Caption-style text data:
+ + +

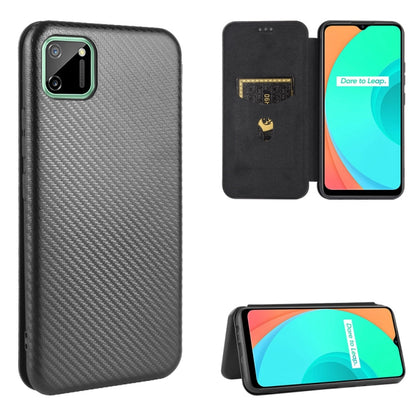 Dark charcoal carbon fiber textured magnetic flip phone case with card slot and stand view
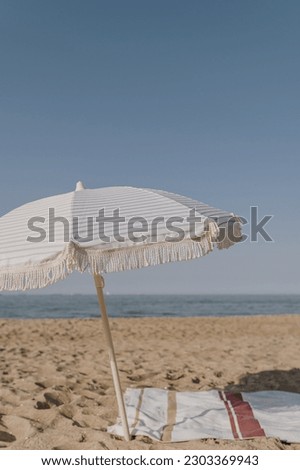 Minimal summer holidays vacation concept. Beach umbrella, beach towel on sand in front of blue sky and sea. Chilling, lounging on the beach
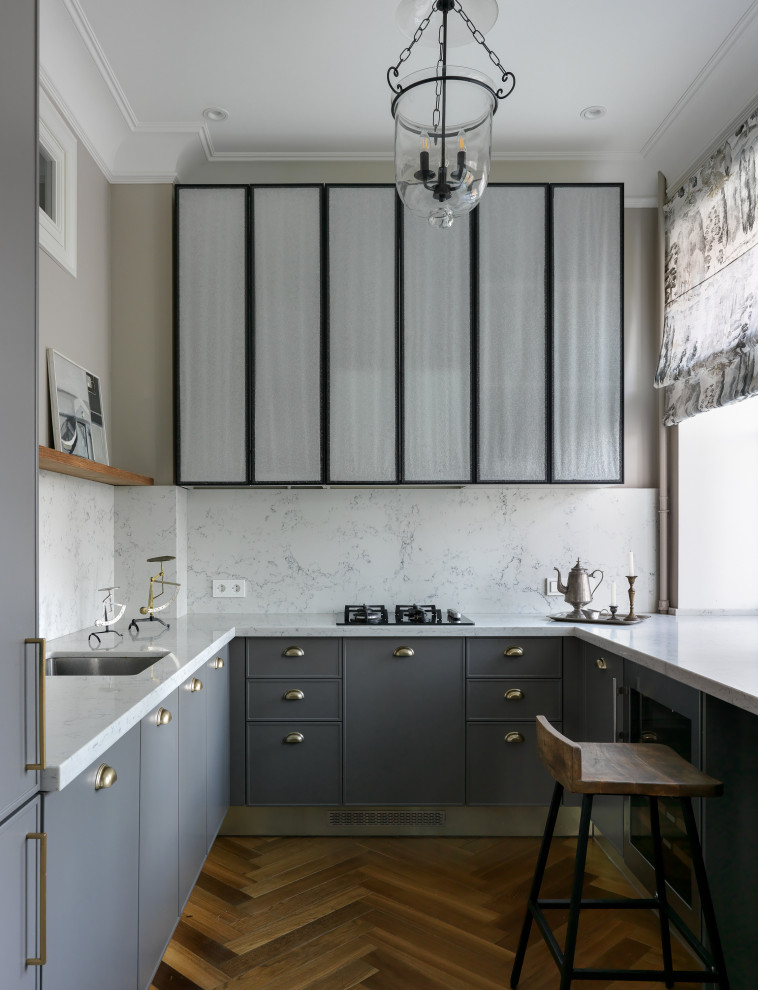Klassisk inredning av ett avskilt, litet vit vitt u-kök, med en undermonterad diskho, luckor med profilerade fronter, grå skåp, vitt stänkskydd och brunt golv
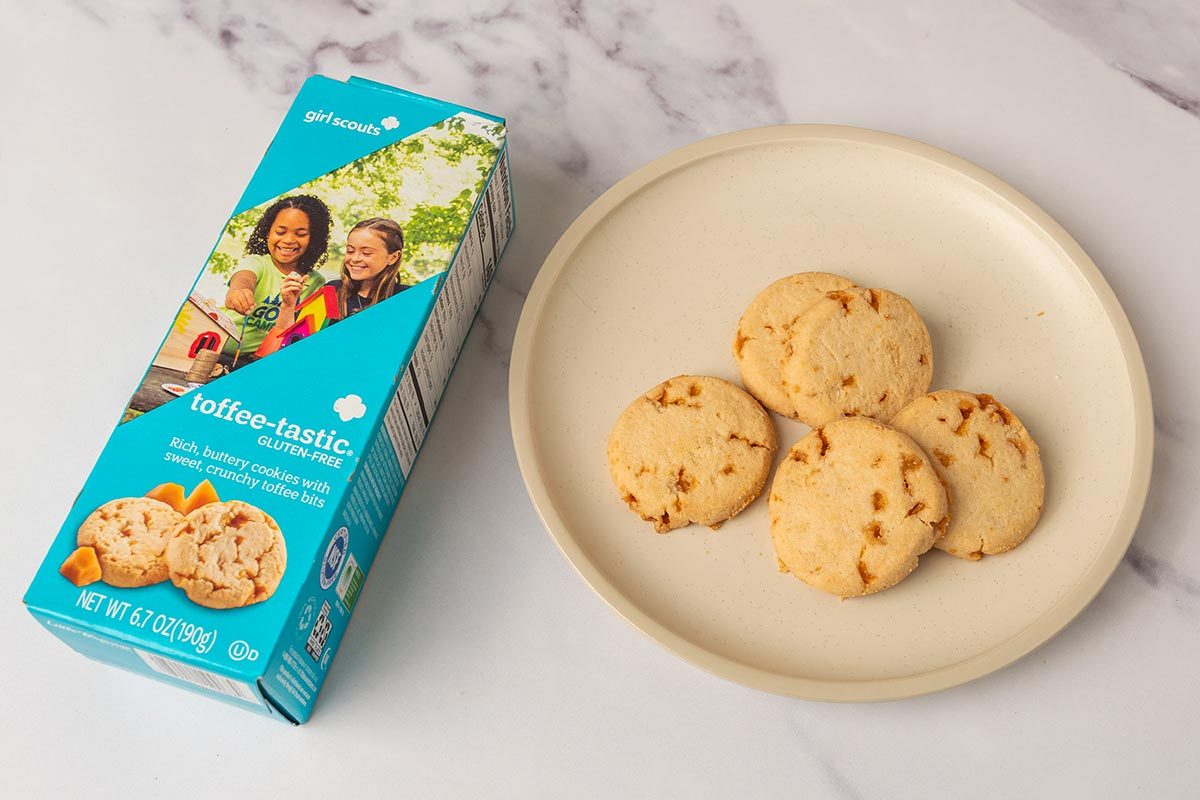 Package of toffeetastic Girl Scout Cookies next to several cookies on a plate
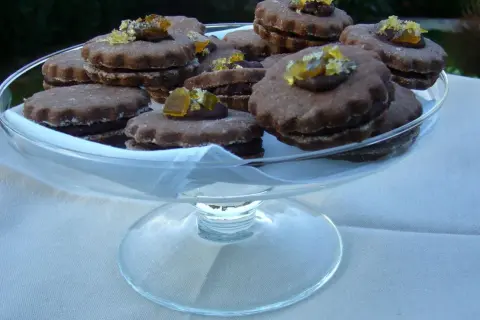 Gourmandes bouchées de biscuits fourrés chocolat, ornées de zestes d'agrumes confits, présentées dans une coupe en verre.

+ + +

TASK OBJECTIVE –
The records above are to be copied exactly, without their pictures.

WORKED SOLUTION –
 Dark charcoal carbon fiber textured magnetic flip phone case with card slot and stand view
 Minimal summer holidays vacation concept. Beach umbrella, beach towel on sand in front of blue sky and sea. Chilling, lounging on the beach
Klassisk inredning av ett avskilt, litet vit vitt u-kök, med en undermonterad diskho, luckor med profilerade fronter, grå skåp, vitt stänkskydd och brunt golv
 Package of toffeetastic Girl Scout Cookies next to several cookies on a plate
 Gourmandes bouchées de biscuits fourrés chocolat, ornées de zestes d'agrumes confits, présentées dans une coupe en verre.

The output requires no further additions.